= Joseph Gabel =

French philosopher and sociologist

Joseph Gabel (12 July 1912 in Budapest – 15 June 2004 in Paris) was a French Hungarian-born sociologist and philosopher. His work was always strongly influenced by Marxism; he was against Stalinism and critical of the work of Louis Althusser.

== Biography ==
He left Hungary because of a Numerus Clausus for Jewish citizens and first studied Psychopathology with Eugène Minkowski, then he turned to Sociology (he was mainly influenced by Karl Mannheim and Georg Lukács). He taught at the Mohammed-V University of Rabat from 1965 to 1971, and at Amiens University from 1971 to 1980.

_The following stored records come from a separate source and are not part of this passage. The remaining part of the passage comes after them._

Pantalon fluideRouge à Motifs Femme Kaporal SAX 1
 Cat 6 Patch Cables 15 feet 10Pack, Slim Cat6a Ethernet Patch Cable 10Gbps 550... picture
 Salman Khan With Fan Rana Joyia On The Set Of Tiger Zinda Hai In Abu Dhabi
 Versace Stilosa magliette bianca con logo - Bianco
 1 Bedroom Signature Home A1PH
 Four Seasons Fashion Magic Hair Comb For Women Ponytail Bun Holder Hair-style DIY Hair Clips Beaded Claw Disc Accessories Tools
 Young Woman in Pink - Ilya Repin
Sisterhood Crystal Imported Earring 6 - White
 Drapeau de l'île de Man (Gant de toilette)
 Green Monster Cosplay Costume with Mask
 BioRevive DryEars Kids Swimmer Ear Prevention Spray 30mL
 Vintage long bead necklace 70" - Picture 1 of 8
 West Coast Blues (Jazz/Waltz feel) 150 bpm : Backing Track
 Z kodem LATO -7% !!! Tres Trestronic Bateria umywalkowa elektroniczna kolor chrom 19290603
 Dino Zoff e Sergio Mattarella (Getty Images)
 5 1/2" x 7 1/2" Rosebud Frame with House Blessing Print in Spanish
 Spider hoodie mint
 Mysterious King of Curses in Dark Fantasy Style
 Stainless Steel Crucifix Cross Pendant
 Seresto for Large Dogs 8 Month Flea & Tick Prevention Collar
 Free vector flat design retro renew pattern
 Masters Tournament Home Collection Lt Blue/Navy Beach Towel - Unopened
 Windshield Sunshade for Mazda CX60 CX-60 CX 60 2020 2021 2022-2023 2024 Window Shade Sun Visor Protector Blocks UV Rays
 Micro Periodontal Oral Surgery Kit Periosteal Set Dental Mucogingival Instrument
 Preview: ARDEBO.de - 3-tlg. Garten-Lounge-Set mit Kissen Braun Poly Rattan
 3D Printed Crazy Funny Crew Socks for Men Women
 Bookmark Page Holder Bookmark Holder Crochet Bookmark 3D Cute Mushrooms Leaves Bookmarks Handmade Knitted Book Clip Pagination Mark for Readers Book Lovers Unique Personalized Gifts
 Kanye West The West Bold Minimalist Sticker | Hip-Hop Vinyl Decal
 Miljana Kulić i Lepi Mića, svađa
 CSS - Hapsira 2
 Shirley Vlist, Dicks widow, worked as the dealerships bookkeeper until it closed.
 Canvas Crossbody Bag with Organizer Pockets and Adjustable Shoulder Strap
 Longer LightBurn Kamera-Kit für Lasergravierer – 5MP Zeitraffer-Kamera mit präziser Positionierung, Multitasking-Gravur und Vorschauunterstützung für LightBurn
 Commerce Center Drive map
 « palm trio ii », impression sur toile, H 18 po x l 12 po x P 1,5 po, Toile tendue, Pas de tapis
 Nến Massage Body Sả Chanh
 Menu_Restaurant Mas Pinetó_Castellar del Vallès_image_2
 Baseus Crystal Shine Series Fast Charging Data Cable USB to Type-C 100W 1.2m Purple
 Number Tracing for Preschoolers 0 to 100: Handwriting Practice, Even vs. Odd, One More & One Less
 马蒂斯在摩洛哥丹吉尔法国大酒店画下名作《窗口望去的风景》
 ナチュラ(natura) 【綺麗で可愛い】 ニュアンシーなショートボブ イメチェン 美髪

In 1962, he published his most important work: False Consciousness: An Essay on Reification. From the standpoint of psychopathology, this study works to synthesize Marxist notions of "false consciousness" and reification with the study of schizophrenia. In the following years, Gabel's works stressed the analysis of ideologies and marxist theory of alienation (The Sociology of Alienation, 1971; Idéologies 1974 - 1978; Alienation Today, 1974). Gabel also wrote the articles "Utopia" and "Ideology" in the Encyclopedia Universalis and he was one of the only French specialists on Karl Mannheim.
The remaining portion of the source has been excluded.